We’ve got all these questions we might engage offline on this one because I’ve seen trending used a variety of ways. So for instance, a trend might be material price escalation, unavailability of local subcontractors. We’re going into a geographic area with relatively unskilled labor and that’s going to be a trend that affects our productivity. So as we’re doing that forecasting and we’re understanding what that estimate to complete is, we can certainly apply those trends. So if I know that my material prices are going to rise because we’ve hit a shortage of supply and the prices are going to go up, I can either label that as my trend and then I can look through the use of our dashboards and reporting, see what percentage of our ETC is determined by changes to material costs or escalations or in availability of supply chain. We can surface all of that stuff. And it’s just a matter of including that trend descriptor with that forecast. Now, if I misunderstood the question maybe that that’d be due to time constraints. We might want to handle that one offline.

 

Jordan Brooks:

Yeah. And real quick, we’ll make this the last one and then we can handle the last ones we didn’t get to offline. But I just to add to Rick’s point there trending and where that can tie into estimate to complete with cost or productivity. By having that connected data that you’re getting from that platform solution, I won’t even tie this to just a short term. Maybe you can look at historical data about how you’ve done on an operation, whether that’s with cost or productivity. And you can maybe account for that in your estimate to complete with the historic data you’ve seen on similar projects with similar operations. So not only by storing that information in a platform solution, having that connected data, you can look back as far as you possibly have access to or as near term as you want to.

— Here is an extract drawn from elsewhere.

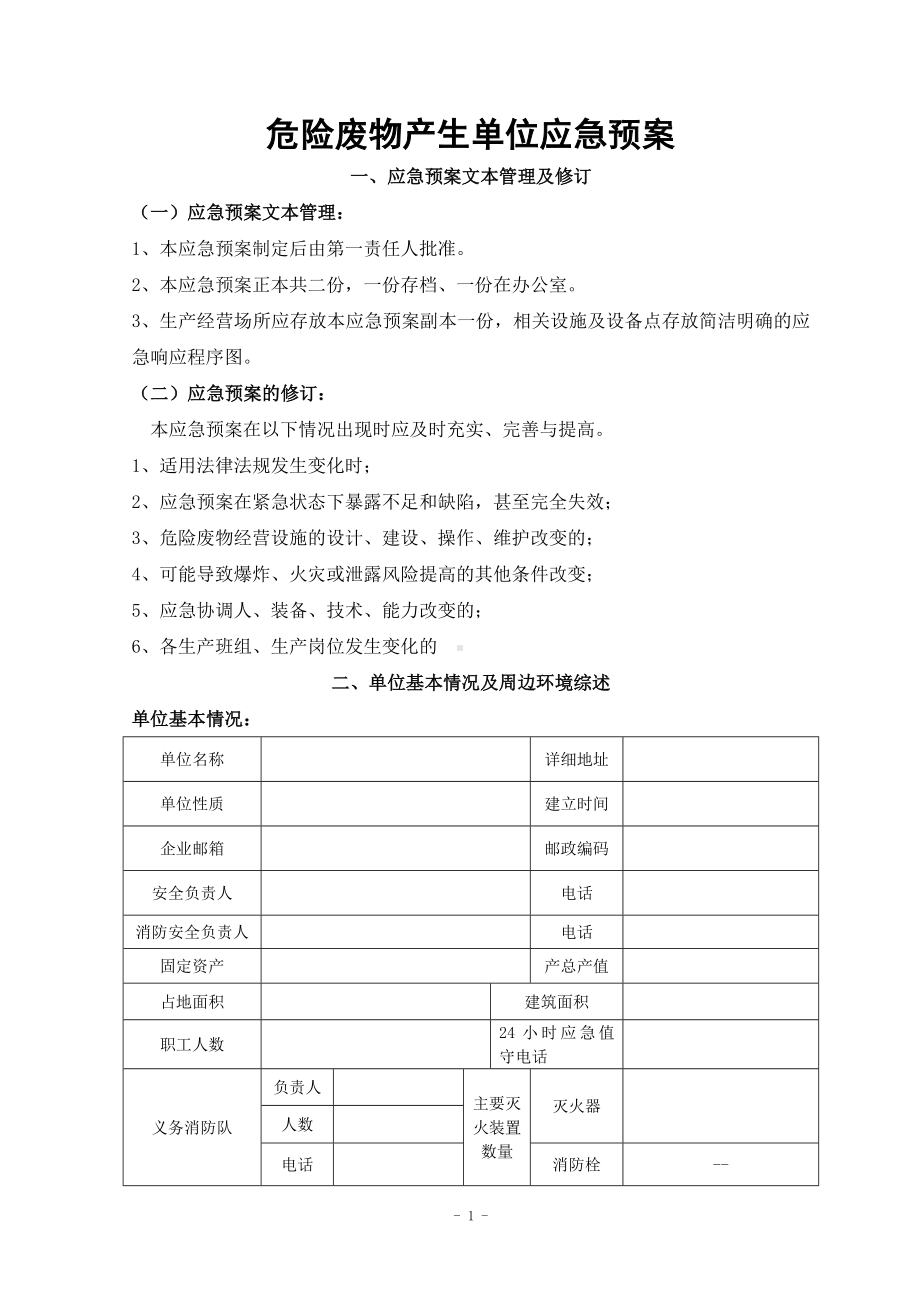 危险废物产生单位应急预案.doc_第1页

Maybe that operation has been happening on the job already. You’re storing that performance on there. You can go look and say, “Well, we’re running at a unit rate of this on this operation. Let’s apply that to our forecast to get maybe a little bit more accurate estimate to complete.” So you’ve got a lot of data you can look at. We can recommend all kinds of things. I’m sure Rick and I have all kinds of ideas of what you could do with that. But having that data I think is the important part of that. And like John said it, you have trending, whether that be historic trending or even just project trending, you can go to any level you want.

 

Ahmed Fouda:

All right. So next question. How can you resource-load a conceptual schedule when the resources are not known and it is based on high-level [inaudible 00:59:30]?

 

Jordan Brooks:

Yeah, and I’m looking at these, Ahmed. I think we got three left that maybe we’re already three minutes over. We’ll cover these offline if that’s okay with anyone else that has a question. Go on and throw it on before you leave and we’ll answer these offline for any attendees that we didn’t get to because I’ve got answers to most of these, and I’m sure Rick does as well.

 

Rick Deans:

Good use for your inference engine there.

 

Jordan Brooks:

Yeah, absolutely. So we’ll cover the ones we didn’t get to since we’re already three minutes over, we don’t want to take up too much people’s time. Let me go to one more screen over here. All right. So thanks again from Rick and I, AACE. Thank you for letting us participate in this webinar. As always, thank you for everyone who hopped on and participated. Always great participation. Ahmed, thanks for being the host for this webinar. We really appreciate it.

 

Ahmed Fouda:

Yeah, thank you everybody for attending this great meeting. And thank you, Jordan and Rick. AACE International will be in touch with you for the post-event recording. I hope you have a good rest of your day. Thank you so much.